TASK DIRECTIONS
Repeat these records exactly, pictures excluded.

####

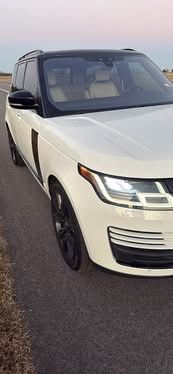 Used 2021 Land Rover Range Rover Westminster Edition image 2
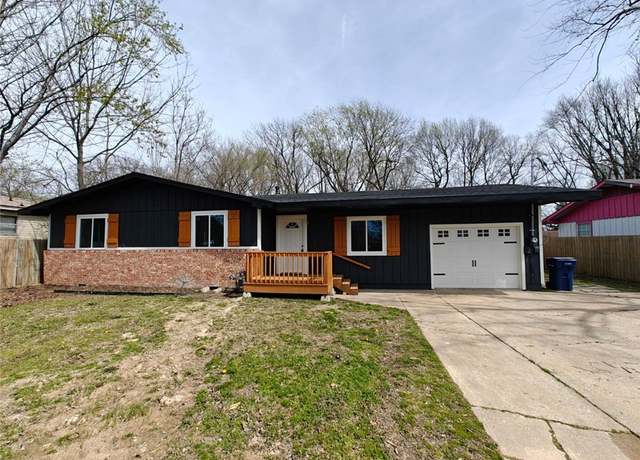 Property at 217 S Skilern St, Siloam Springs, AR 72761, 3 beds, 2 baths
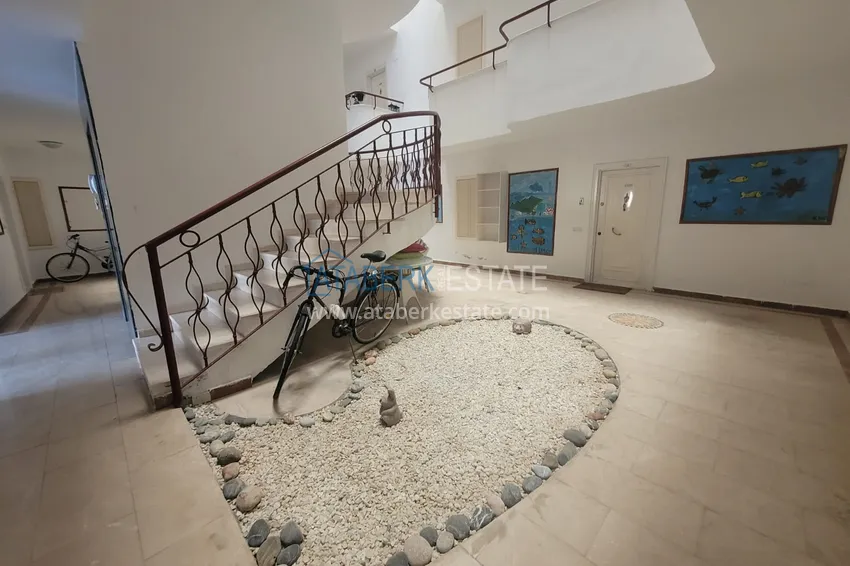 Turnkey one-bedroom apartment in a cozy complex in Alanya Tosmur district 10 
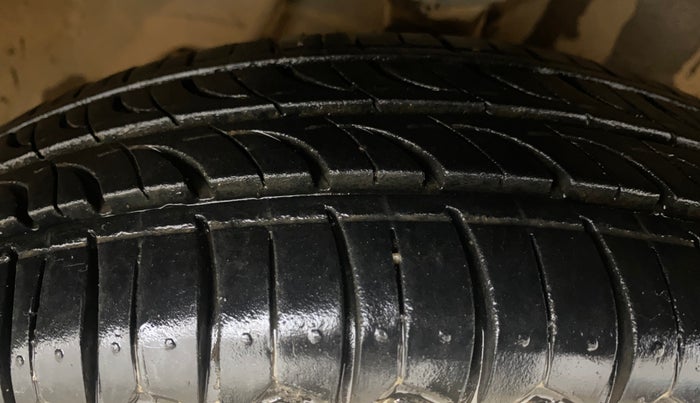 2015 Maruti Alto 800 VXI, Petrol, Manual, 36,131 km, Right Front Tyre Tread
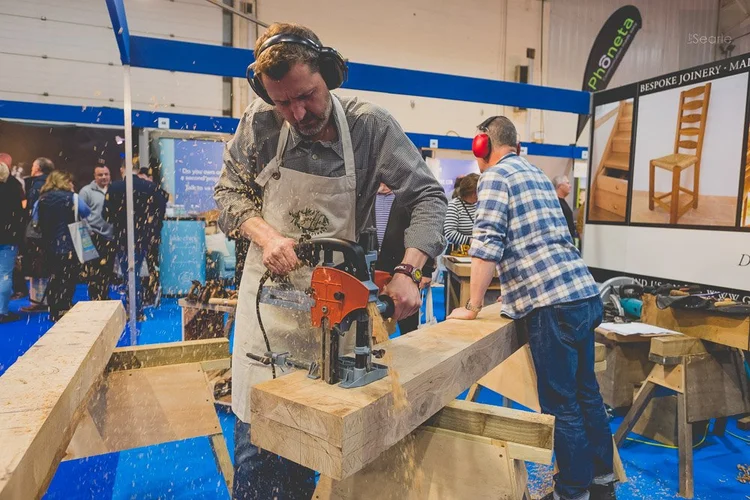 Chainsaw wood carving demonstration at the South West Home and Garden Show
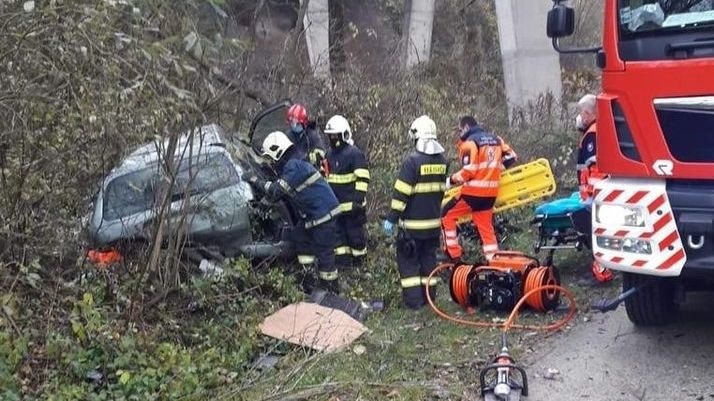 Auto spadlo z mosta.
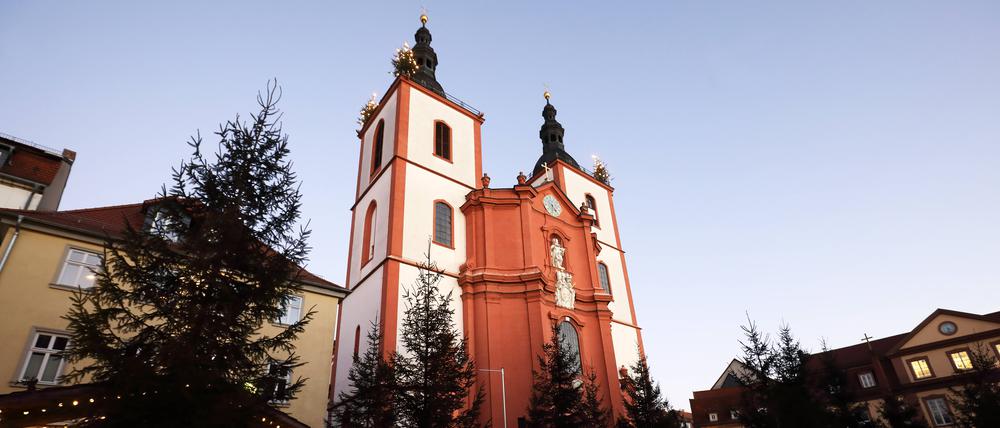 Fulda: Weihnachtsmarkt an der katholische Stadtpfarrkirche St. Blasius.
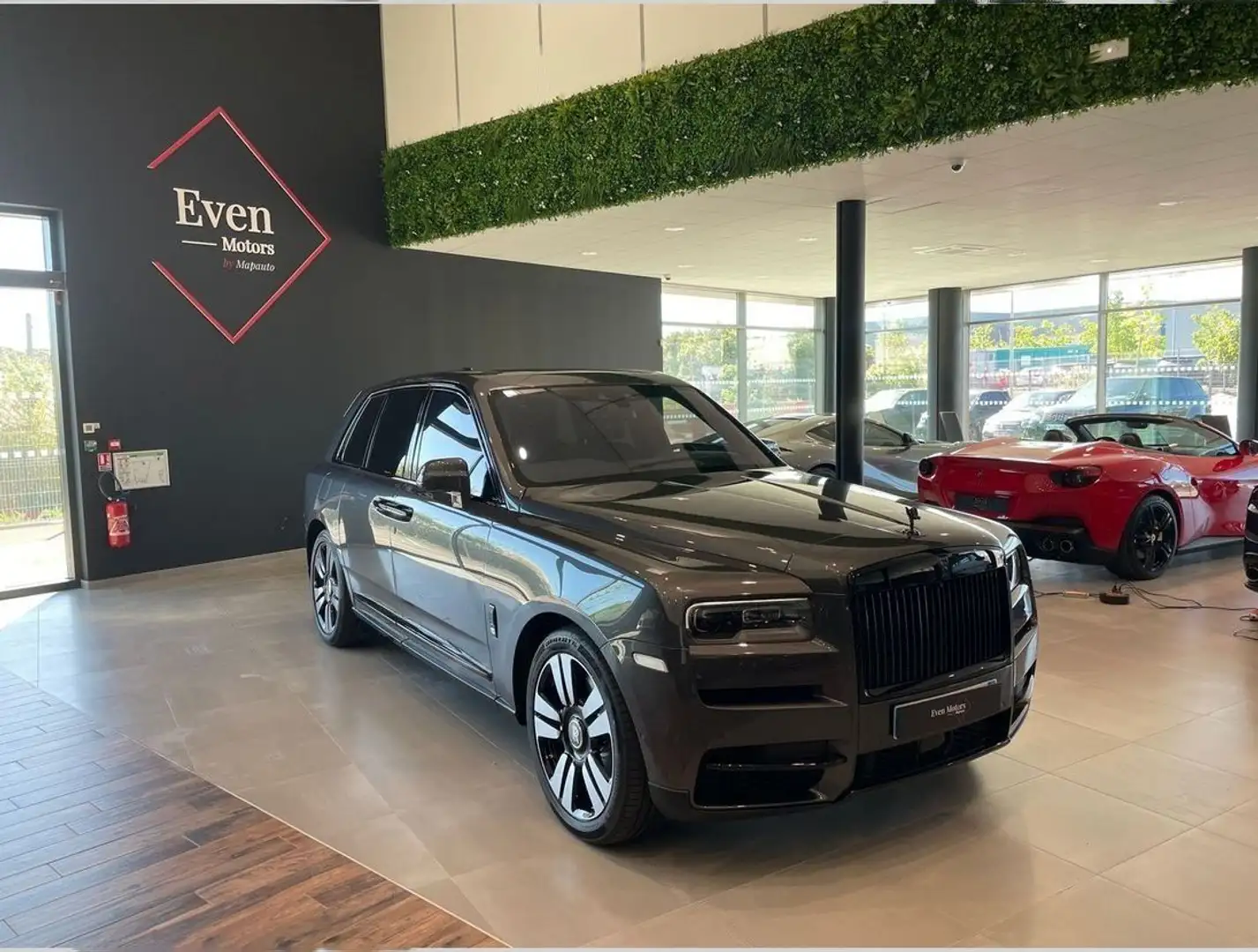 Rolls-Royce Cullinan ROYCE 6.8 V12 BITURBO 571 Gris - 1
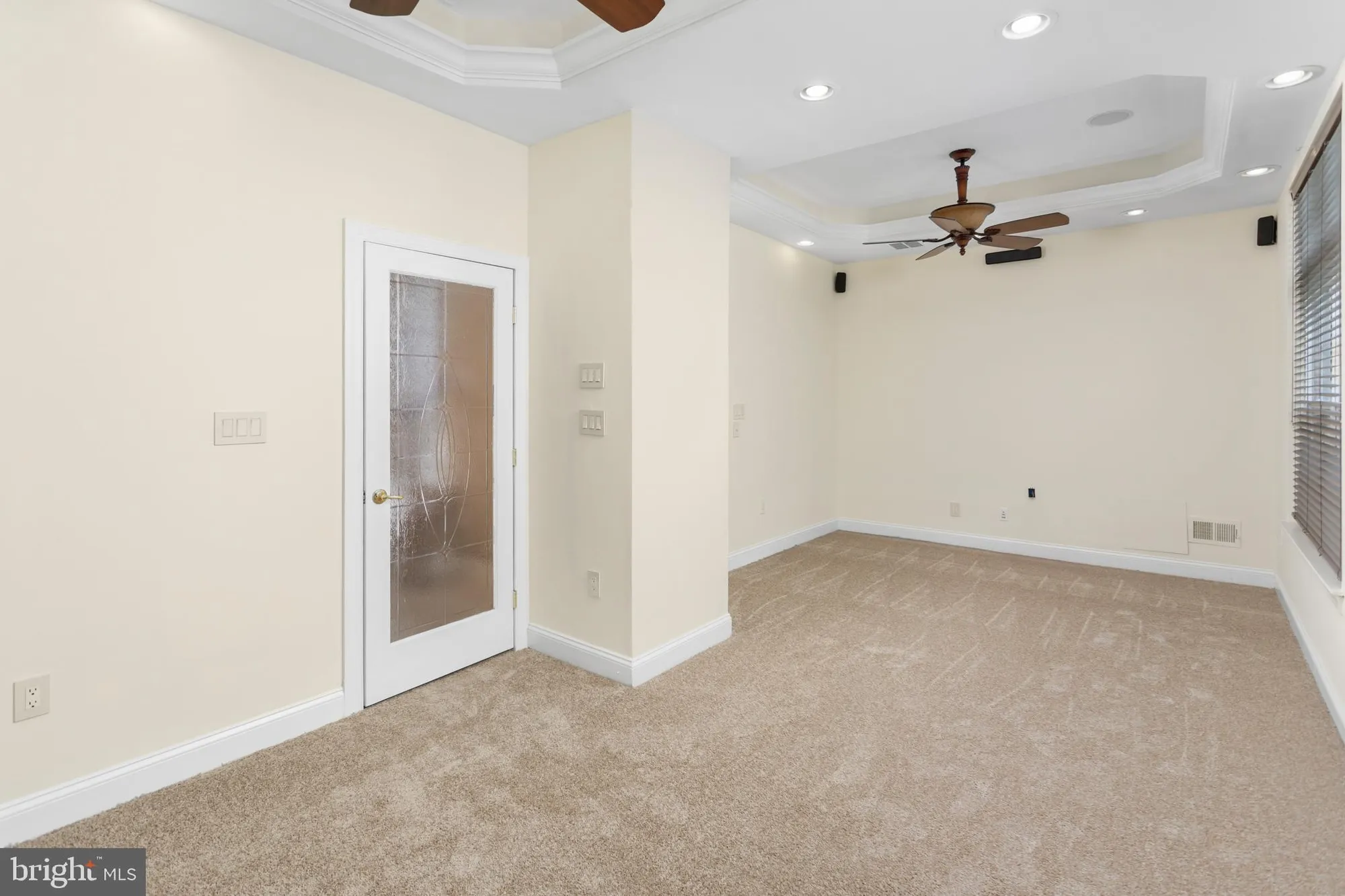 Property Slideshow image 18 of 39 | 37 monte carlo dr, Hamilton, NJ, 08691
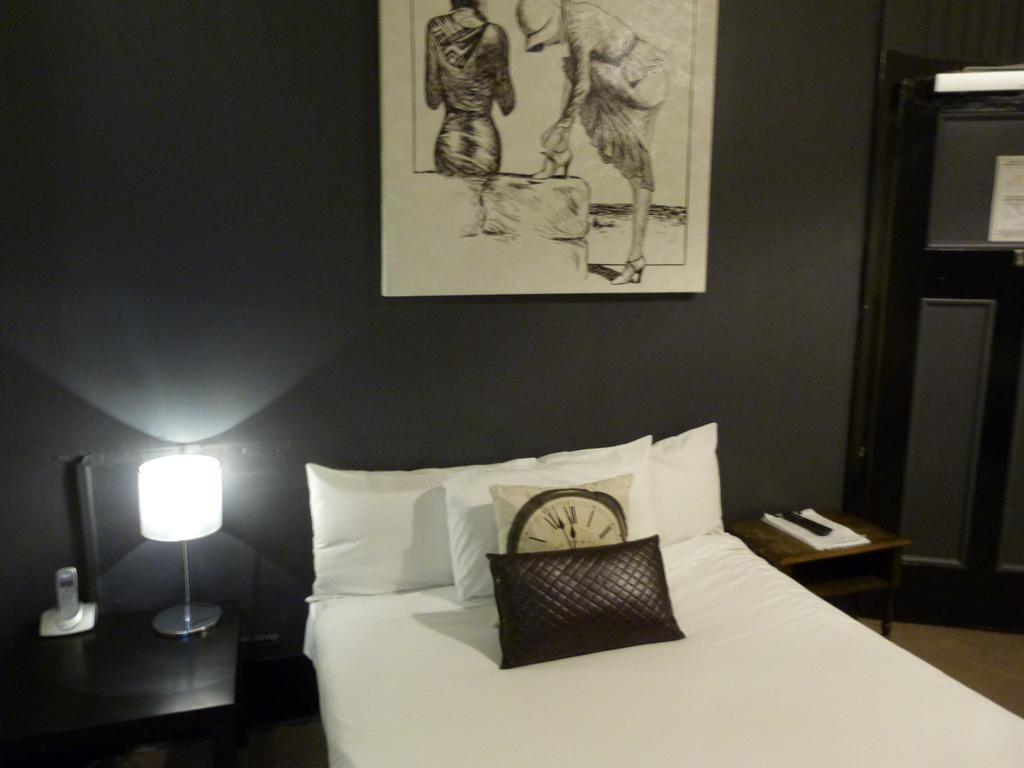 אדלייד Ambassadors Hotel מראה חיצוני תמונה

####

WRITTEN RESPONSE
 Used 2021 Land Rover Range Rover Westminster Edition image 2
 Property at 217 S Skilern St, Siloam Springs, AR 72761, 3 beds, 2 baths
 Turnkey one-bedroom apartment in a cozy complex in Alanya Tosmur district 10 
 2015 Maruti Alto 800 VXI, Petrol, Manual, 36,131 km, Right Front Tyre Tread
 Chainsaw wood carving demonstration at the South West Home and Garden Show
 Auto spadlo z mosta.
 Fulda: Weihnachtsmarkt an der katholische Stadtpfarrkirche St. Blasius.
 Rolls-Royce Cullinan ROYCE 6.8 V12 BITURBO 571 Gris - 1
 Property Slideshow image 18 of 39 | 37 monte carlo dr, Hamilton, NJ, 08691
 אדלייד Ambassadors Hotel מראה חיצוני תמונה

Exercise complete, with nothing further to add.